The most traditional approach to defining competence at work is based on job analysis. That is, the purpose of job analysis is to specify what an employee is expected to do on the job, and the definition of competence on the job should probably be related to those requirements. But it is difficult to define competencies on the basis of specific tasks or operations carried out by employees. Such an approach would become extremely cumbersome given that we rarely have multiple employees on different jobs performing similar tasks. Thus, it makes more sense to define competencies in terms of more broadly defined contributions that underlie multiple tasks. As a result, in many cases, competencies are defined in terms of traits or characteristics of individuals that are believed to lead to success on a number of jobs. Furthermore, although a major portion of an employee’s contribution will probably come in areas related to his or her job requirements, an employee can certainly make other types of contributions as well.
Any organization has certain tasks that must be carried out for the good of the organization such as employees being willing to help each other solve problems and employees volunteering to put in extra hours when crises arise. Any employee behaviors that make the workplace more pleasant are valuable. Yet none of these things is part of anyone’s formal job description. Some scholars refer to these kinds of behaviors as organizational citizenship behaviors, whereas others simply refer to them as examples of contextual performance. Regardless of what they are called, they represent part of an employee’s potential contribution to the organization’s goals, and they are part of any complete definition of competence. Although there has been disagreement over whether these things should be part of any evaluation of competence, most experts agree that these behaviors are considered when evaluation decisions are being made.
Finally, the operational definition of competence, usually expressed in terms of an evaluation instrument, can be stated in several different ways. The assumption that competence should be based on job analysis would lead to evaluation systems that focus on tasks that are to be carried out by the employees or on behaviors that employees should exhibit to be effective on the job. Others argue that the behaviors themselves are not as important as the outcomes of those behaviors. For example, we may be interested in whether salespeople follow up on sales calls, but what we really care about is whether or not they make the sales. Therefore, some have suggested that we define competency and assess contributions in terms of observable outcomes such as units produced and sales volume.
This approach can work only when the outcomes involved are under the direct control of the employees, and systems based on outcomes tend to work better when they are tied to specific goals that the employees must accomplish. That is, the exact nature of the contribution should be specified and should serve as a goal the employees try to reach during some time period. We could, for example, set a sales goal of 10,000 units or of $1 million. This would then define what we mean as competence at work; it would mean meeting that goal.
This approach has the benefit of defining expectations in the clearest of terms, and it allows employees to judge how well they are doing. It also makes the entire process somewhat less subjective (although the nature and level of goals are typically negotiable), and this should make it more acceptable to all parties involved. But this approach is not without its problems. It is critical that the organization state goals and objectives in the right terms and not just in terms that can be easily quantified. Otherwise, the organization runs the risk of having all of its employees meet their goals while the organization itself fails to meet its goals.

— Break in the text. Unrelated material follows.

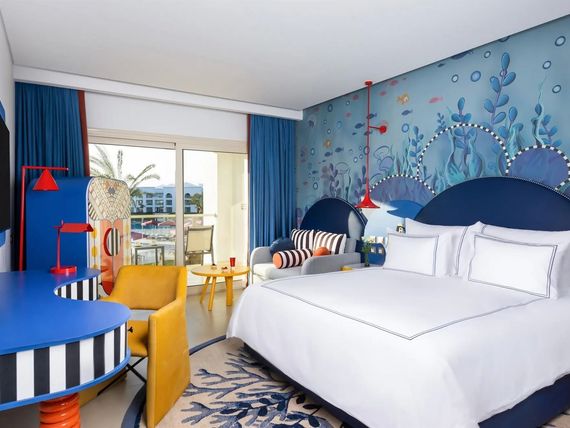 Rixos Radamis Tirana Sharm - zdjęcie 5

The final way in which competency has been defined at work is based on the presumed underlying traits and abilities needed to carry out the job. For example, regardless of the exact job duties, we might desire employees to demonstrate initiative on the job. Furthermore, we might believe that initiative will help those employees to carry out their assigned tasks and meet any meaningful goals. Defining competency and assessing performance in this way allows the organization to use one measurement instrument across a wide variety of jobs, and this is the most commonly found approach to assessing performance. Although this approach leads to the most subjective of evaluation systems with standards that are difficult to define, there is reason to believe that there are certain underlying traits (e.g., dependability) that truly do differentiate outstanding employees from merely competent employees.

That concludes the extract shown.